Max Tokens

Max tokens caps how long the model's response can be. Unlike temperature, top-p, and top-k β€” which control which tokens are chosen β€” max tokens controls how many tokens are generated. It's a simple but essential setting for managing cost, speed, and runaway output.

πŸ’‘ In one line: Max tokens sets the maximum length of the model's response β€” generation stops when it's reached.

What Max Tokens Does

It sets an upper limit on the number of tokens the model will generate. Generation stops at whichever comes first:

  1. The model reaches the max tokens limit, or
  2. The model produces an end-of-sequence / stop token (it finished naturally).

.

It Controls Output Length Only

Max tokens limits the output β€” the tokens the model generates. It does not limit your input (the prompt). But remember: both the input and the output share the context window (see Context Window).

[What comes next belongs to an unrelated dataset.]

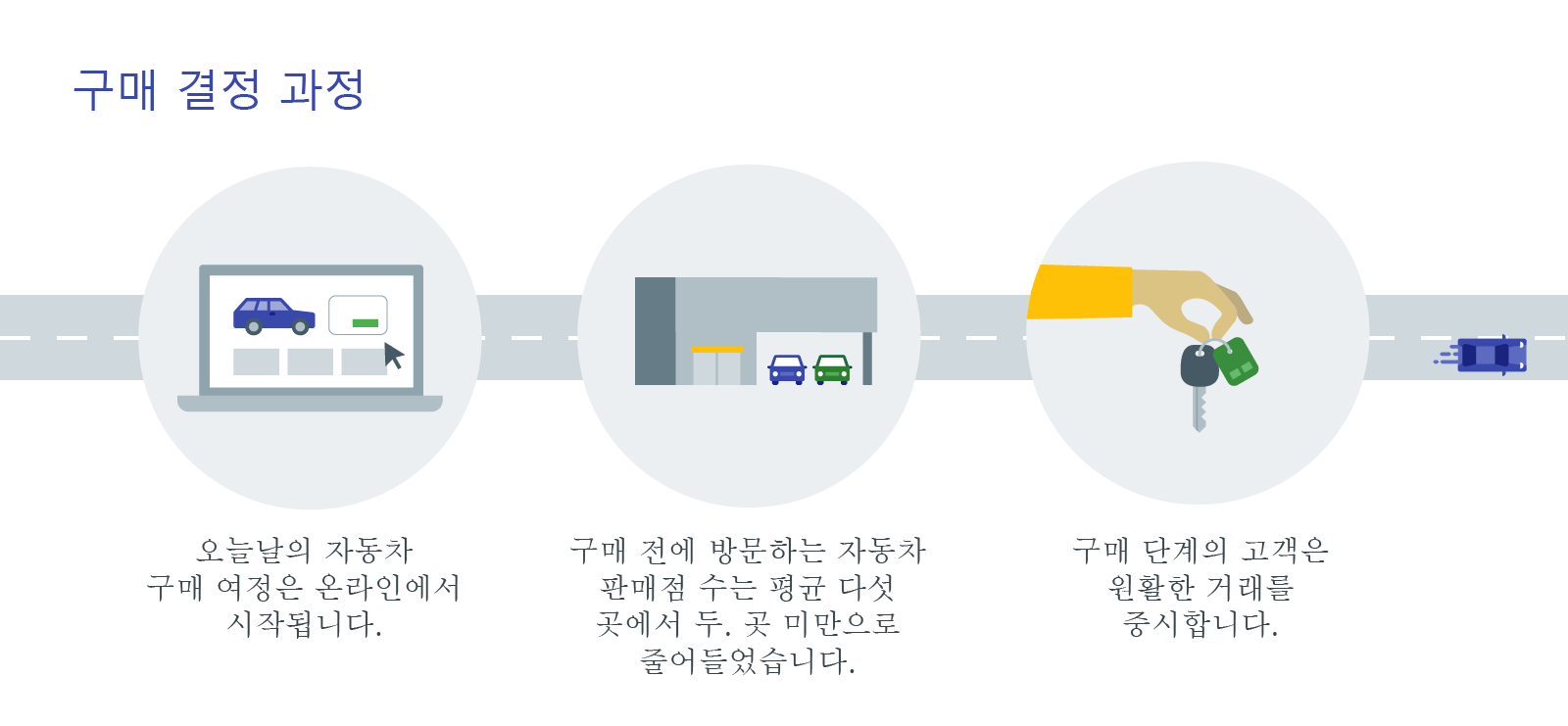 ko_1060-Hyundai-Executive-Perspective-Inline_2_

Relationship to the Context Window

A key constraint:

input tokens  +  max output tokens  ≀  context window

If you set max tokens too high alongside a long prompt, you can exceed the window. Always leave room for the output within the budget.

What Happens When the Limit Is Hit

If the model reaches max tokens before finishing, the output is simply cut off β€” often mid-sentence. The model does not wrap up or summarise; it just stops. So set the limit high enough for a complete answer.

Why It Matters

  • Cost β€” you pay per output token, so the cap controls spend.
  • Latency β€” fewer tokens means a faster response.
  • Safety β€” prevents runaway, excessively long outputs.
  • Predictability β€” bounds the size of every response.

Max Tokens vs. Stop Sequences

Both end generation, but differently:

Max tokensStop sequences
Triggers onA token countA specific string appearing
TypeHard length capContent-based stop

They're often used together β€” a stop sequence ends output cleanly, max tokens is the safety cap.

Practical Guidance

  • Set it to your expected answer length + a buffer.
  • Short answers β†’ small (e.g. 50–100 tokens).
  • Long content β†’ larger (e.g. 1000+ tokens).
  • Too low β†’ truncated answers; too high β†’ wasted budget and possible window overflow.

Summary

  • Max tokens caps the number of tokens the model generates.
  • Generation stops at the limit or when the model finishes naturally β€” whichever is first.
  • It limits the output only, but input + output must fit the context window.
  • Hitting the limit truncates the response (possibly mid-sentence), so allow enough room.
  • It controls cost, speed, and length β€” and pairs with stop sequences for clean endings.